Perl - Modules
From LXF Wiki
| Table of contents |
Perl tutorial part 4
(Original version written by Marco Fioretti for Linux Format magazine issue 72.)
Perl functions and modules: what they are and how to use them.
Alas, we have come to the end of this Perl series. We'll make good use of this last part, however, by looking at how some of the most powerful features of Perl work. We'll start with functions and then introduce modules, with a final example showing how to use the latter to access a database.
Like in any good programming language, reusable chunks of code can be embedded in functions, which in Perl are called subroutines. This is their basic syntax:
sub print_array
{
my $COUNTER = 0; # auxiliary counter
foreach $ITEM (@_) {
$COUNTER++;
print "# $COUNTER: $ITEM\n";
}
$COUNTER;
}
# Let's use it:
@FRIENDS = ('John', 'Jill', 'Kelly', 'Martin');
$NUMBER = &print_array(@FRIENDS);
print "These are my $NUMBER friends\n";
OK, let's look at the easiest parts first. As you can see, subroutines are defined by enclosing their code, however complex, in curly braces, and preceding it with the “sub” Perl keyword and the subroutine name. When you call them, instead, the & character must be prepended to the name: arguments are passed, inside parentheses, right after that same name.
The two most exotheric bits are that arcane symbol @_ and the fact that I “assigned” the subroutine to $NUMBER. @_ is nothing bad, just the special array into which Perl places all the arguments passed to the subroutine from the main program.
The assignment to $NUMBER relies on the fact that all Perl subroutines return the result of their last instruction. What? $COUNTER is just a variable and not an instruction? Yes, but that's perfectly fine with Perl.
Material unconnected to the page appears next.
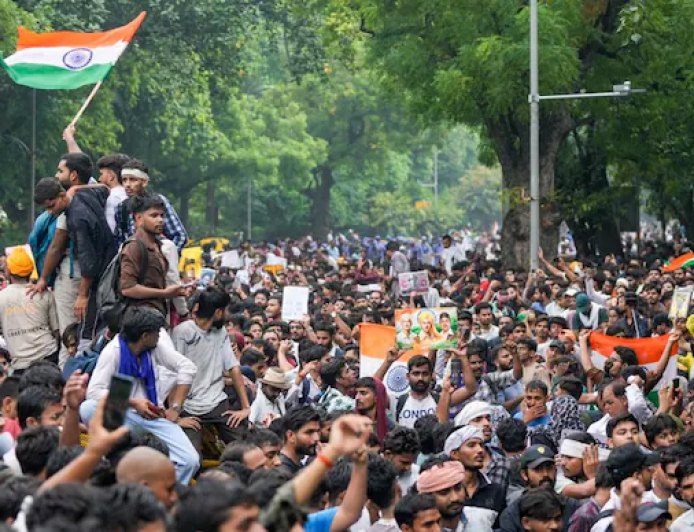 ഗ്യാനേഷിനെതിരെ പ്രതിഷേധം ശക്തം;, രാജ്യതലസ്ഥാനത്ത് എഎപിയും എഐഎസ്എഫും മുംബൈയിൽ ശിവസേനയും പ്രതിഷേധിക്കുന്നു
Subroutines can be combined with one of the most powerful Perl structures, that is hashes, in a really cool, although a bit voodoo, way. For all practical purposes, you can use Perl subroutines as hash values, that is you can refer to them by keys. Check this out:
%FUNZ = (
'L', {'D', 'LIST', 'F', \&MONTHLY_LIST}, # List all calls in this month.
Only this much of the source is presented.